* **Task details**: Return all of the data exactly, omitting any images.

Dataset entries:

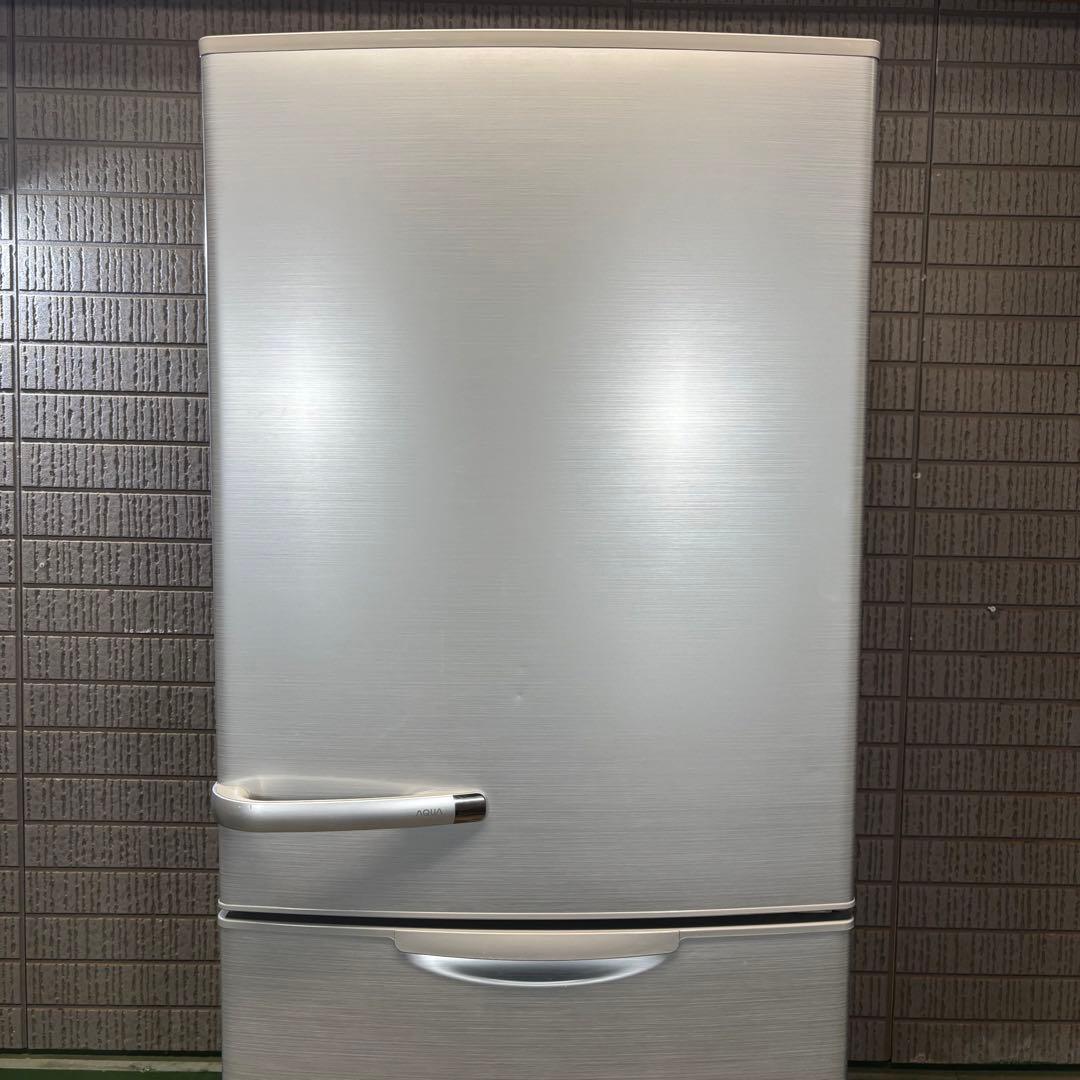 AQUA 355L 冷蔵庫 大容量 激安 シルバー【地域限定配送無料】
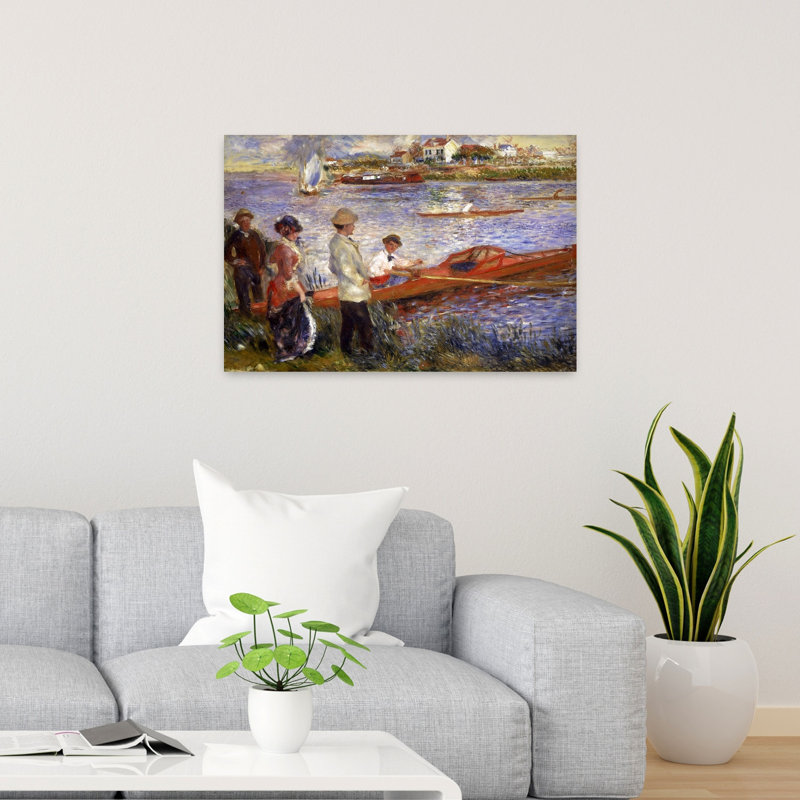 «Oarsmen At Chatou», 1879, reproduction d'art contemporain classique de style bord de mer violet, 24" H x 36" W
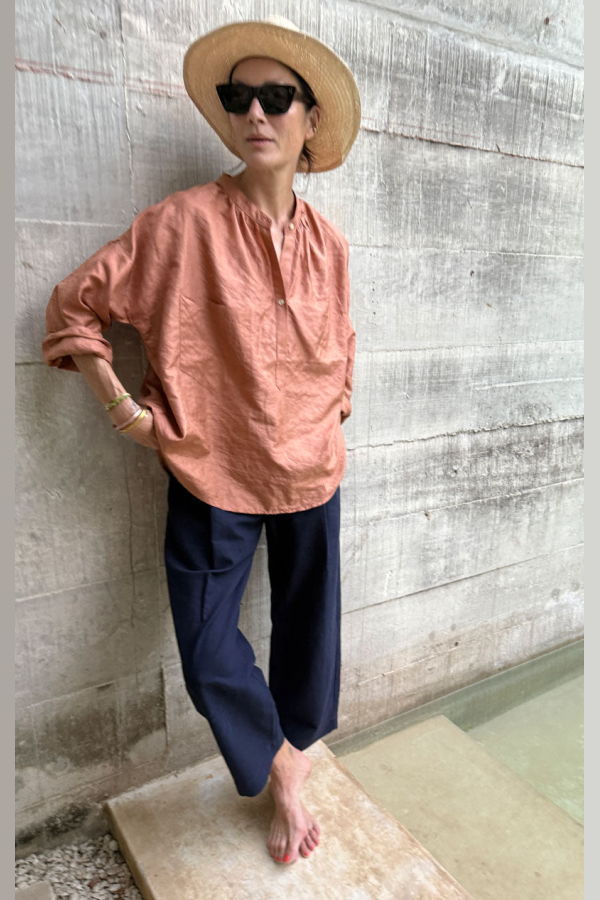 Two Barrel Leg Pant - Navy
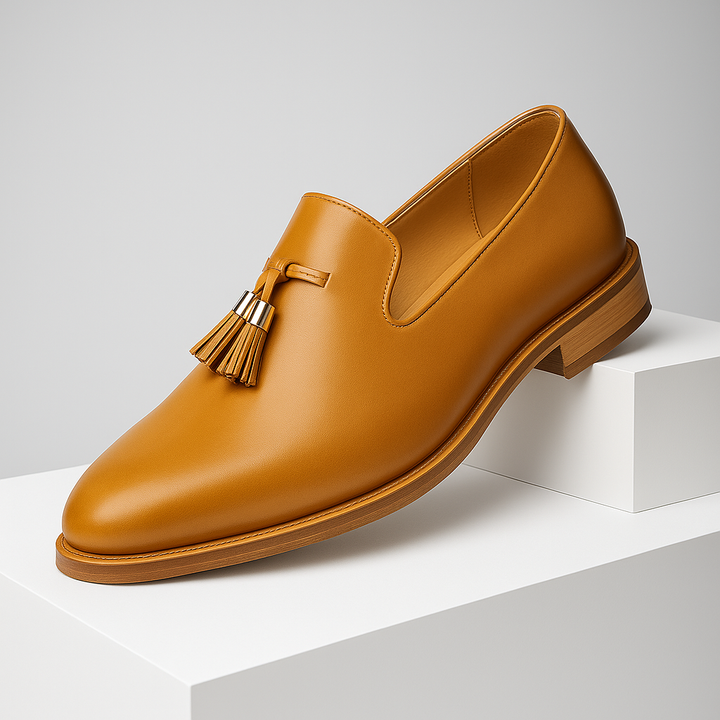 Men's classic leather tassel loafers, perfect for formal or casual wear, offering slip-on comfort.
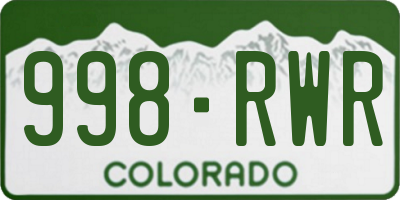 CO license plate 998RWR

* **Exercise answer**:
 AQUA 355L 冷蔵庫 大容量 激安 シルバー【地域限定配送無料】
 «Oarsmen At Chatou», 1879, reproduction d'art contemporain classique de style bord de mer violet, 24" H x 36" W
 Two Barrel Leg Pant - Navy
 Men's classic leather tassel loafers, perfect for formal or casual wear, offering slip-on comfort.
 CO license plate 998RWR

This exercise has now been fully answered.